Friday, August 29, 2008

Cutting-Edge Research: Impacting Tournament Performance

Team performance at a youth soccer tournament can be influenced by a multitude of variables. During training, coaches often coaches focus on the physical and cognative aspects of the came and the development of technical and tactical skills. However, there is an array of psychological and sociological factors that affect youth players and can play a key roll in determining the success of the team. Issues such as relationships among team members and with the coaching staff, individual and team expectations and goals as well as organizational challenges. To identify the specific variables that affected tournament teams, Drs. Matthew Pain and Chris Harwood of Loughborough University set out to describe the “performance environment” of English youth soccer teams. This environment included a number of psychosocial variables, many of which seem to have a strong positive impact on tournament performance. The article appears in the August 2008 issue of the Journal of Sports Sciences.

The researchers surveys 82 male players who had represented England at international youth tournaments over a two year period. Their average age was 16 years. The investigators also surveyed 23 staff members (coaches and support staff), all of whom had considerable experience at the national and international level.

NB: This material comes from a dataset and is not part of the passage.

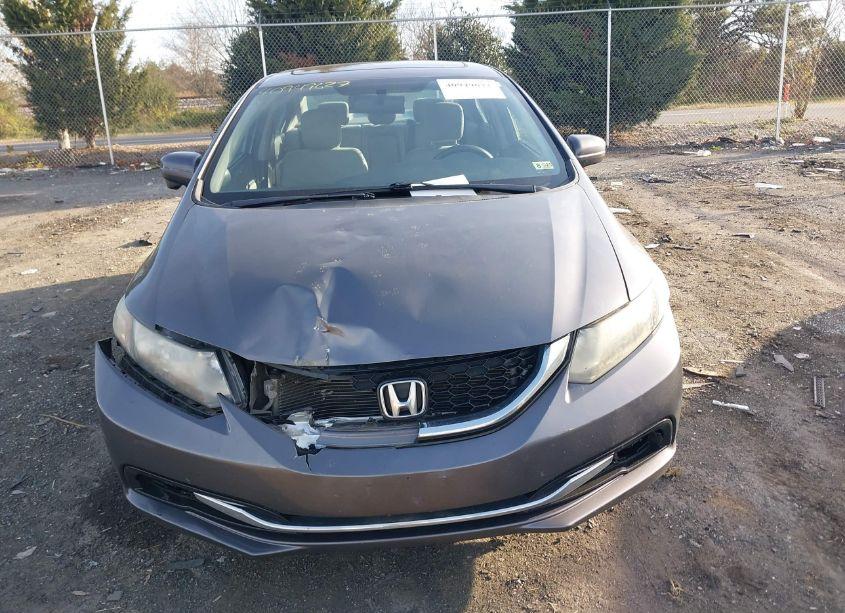 Photo 12 of 2015 Honda Civic EX (VIN 19XFB2F82FE028315)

Using the Performance Environment Survey, several variables in the psychosocial realm were surveyed. Players and staff were asked to evaluate 38 variables, noting if they affected performance “very much so”, “somewhat” or “not at all”. For example, one variable was phrased as “”I fully understood my role on the team”. Variables identified by a large majority as “very much so” were considered as having a positive impact on performance.

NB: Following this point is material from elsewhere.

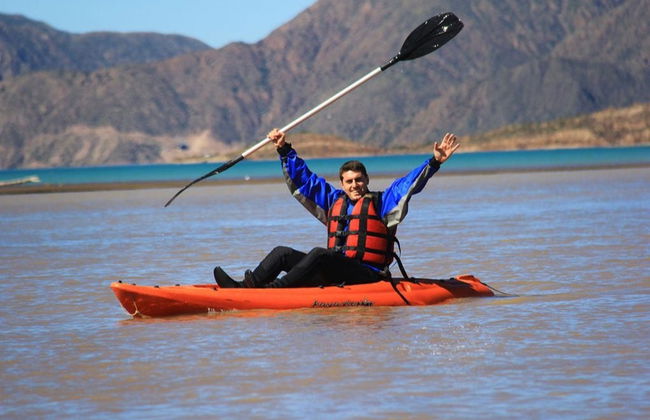 Potrerillos Reservoir Kayak Tour - Photo 1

The researchers found that both players and staff felt that team cohesion and the presence of a strong team leader have the most positive impact on performance. The players felt that understanding the team goals, their individual role on the team and the demands of their position are also important factors for success. In this regard, the players emphasized the need for clear communication by the coach. Lastly positive fan support (parents and friends) was identified by the players as an important variable.

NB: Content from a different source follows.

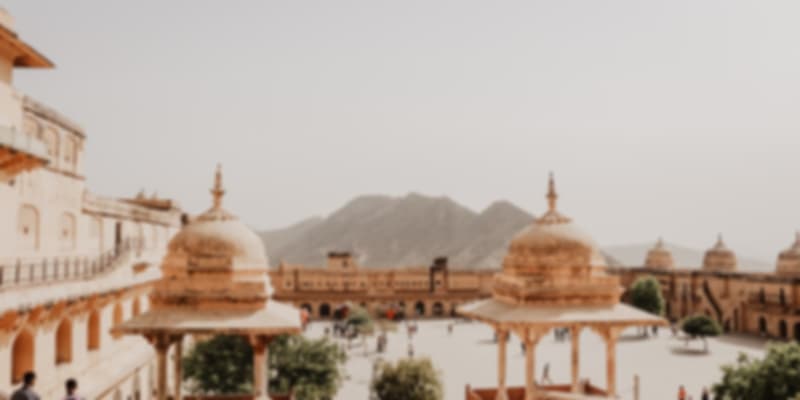 Amer Fort: Architectural Wonder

The staff noted their concern for hydration, nutrition and recovery strategies and the need to be organized as far as transportation, meals.

Overall, these players and staff felt that the key factors for success fell in the team / social domain. In particular, team cohesion, a strong team leader and player-coach communication were identified as the most important performance factors. The players were less concerned with variables that they could not control (e.g. transportation, hotel accommodations).

It should be pointed out that this survey included elite players participating in international-level tournaments. Thus, the results may not be directly applicable to youth players participating in club tournaments. However, the information can be instructive in preparing club teams for an upcoming tournament (or the upcoming season) It’s clear that coaches could maximize performance by:
  1. Working to develop team cohesion, possibly through social activities before and during the tournament.
  2. Fostering the development of strong team leaders by encouraging players to take on leadership roles within the team.
  3. Clearly communicating with players. Insuring that they understand their role on the team as well as the team goals and individual player expectations.
  4. Encouraging enthusiastic and positive spectator support.

Parents and administrators can aid the staff by taking care of all of the non-soccer details of a tournament. They can provide strong organization by insuring that details such as transportation to and from the venue are covered and post-match drinks and meals are arranged.

Overall, this study identifies several psychosocial variables that impact tournament performance. It also provides a few guidelines for coaches and administrators whrn preparing for upcoming tournaments.


Pain MA, Harwood CG (2008) the performance environment of the England youth soccer teams: A quantitative investigation. Journal of Sports Sciences, 13:1-13.